Assainissement des finances publiques. Depuis l’entrée dans l’Union européenne en 2004, le déficit public diminue, mais dans une large mesure grâce à des gains cycliques: les recettes fiscales sont vigoureuses et les dépenses faibles en raison d’une croissance rapide, et non de l’action des pouvoirs publics. De même, la discipline budgétaire est particulièrement sensible au cycle politique: elle tend à se relâcher en période préélectorale. Ainsi, la politique budgétaire est expansionniste même en phase d’expansion.

Dépenses sociales. Pour réduire ce déficit excessif, la réforme corrige en partie des dérapages antérieurs tels que la forte hausse des dépenses sociales avant l’élection de 2006, mais elle ne fait pas progresser suffisamment l’assainissement budgétaire.

Les mesures visant à maîtriser les dépenses sociales, telles que la désindexation et le gel nominal des prestations sociales, seront probablement temporaires et supprimées dans les quelques prochaines années. De même, il sera difficile de maintenir à moyen terme la compression de la masse salariale dans le secteur public.

Les récentes baisses d’impôts étant bien définies et permanentes, il faudra prendre de nouvelles mesures permanentes pour réduire les dépenses en vue d’assurer un assainissement soutenu. Sinon, il faudra relever les impôts.

Incitations au travail. Le niveau élevé des taux effectifs marginaux d’imposition continue de peser sur les incitations au travail. Ces taux, qui tiennent compte de l’effet combiné des variations des impôts, des cotisations à la sécurité sociale et des prestations sur le revenu net, ont augmenté considérablement en 2007 en raison de l’envolée des dépenses avant les élections.

Malheureusement, la réforme de 2008 ne réduit pas ces taux au niveau des revenus faibles et moyens, d’où la persistance de sérieux pièges de l’aide sociale et une désincitation au travail.

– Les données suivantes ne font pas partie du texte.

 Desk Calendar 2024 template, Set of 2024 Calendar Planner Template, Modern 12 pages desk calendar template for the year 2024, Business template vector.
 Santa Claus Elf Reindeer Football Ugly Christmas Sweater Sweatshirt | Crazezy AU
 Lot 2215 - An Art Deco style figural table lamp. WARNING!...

Il ressort d’une analyse de l’effet de la réforme budgétaire sur la répartition du revenu que cette réforme profite principalement aux revenus faibles et élevés. Pour les revenus élevés, le plafonnement des cotisations à la sécurité sociale et la réduction de l’impôt sur le revenu des particuliers allègent considérablement la charge fiscale alors qu’il n’est guère établi que des améliorations structurelles en résulteront.

Viabilité de la dette à long terme. La République tchèque fait face à l’un des plus graves problèmes démographiques au sein de l’Union européenne: le ratio personnes âgées/population en âge de travailler devrait presque tripler d’ici 2050. Néanmoins, elle reste l’un des rares pays d’Europe centrale et orientale qui n’ont pas réformé leurs systèmes de santé et de retraite pour en assurer la viabilité.

La réforme ne s’attaque pas aux pressions exercées par cette évolution démographique sur le budget. Bien qu’un consensus politique ait été dégagé sur le relèvement de l’âge de la retraite, la mesure n’a pas encore été promulguée, alors qu’il est difficile d’arriver à une décision sur des réformes plus profondes qui réduiraient la charge pesant sur le système public de retraite.

Dans les soins de santé, la mise en place de tickets modérateurs nominaux constitue une étape importante en vue de limiter la demande excédentaire et de réduire les inefficiences du système. Il reste prioritaire de réformer les systèmes de santé et de retraite pour assurer la viabilité de la dette à long terme.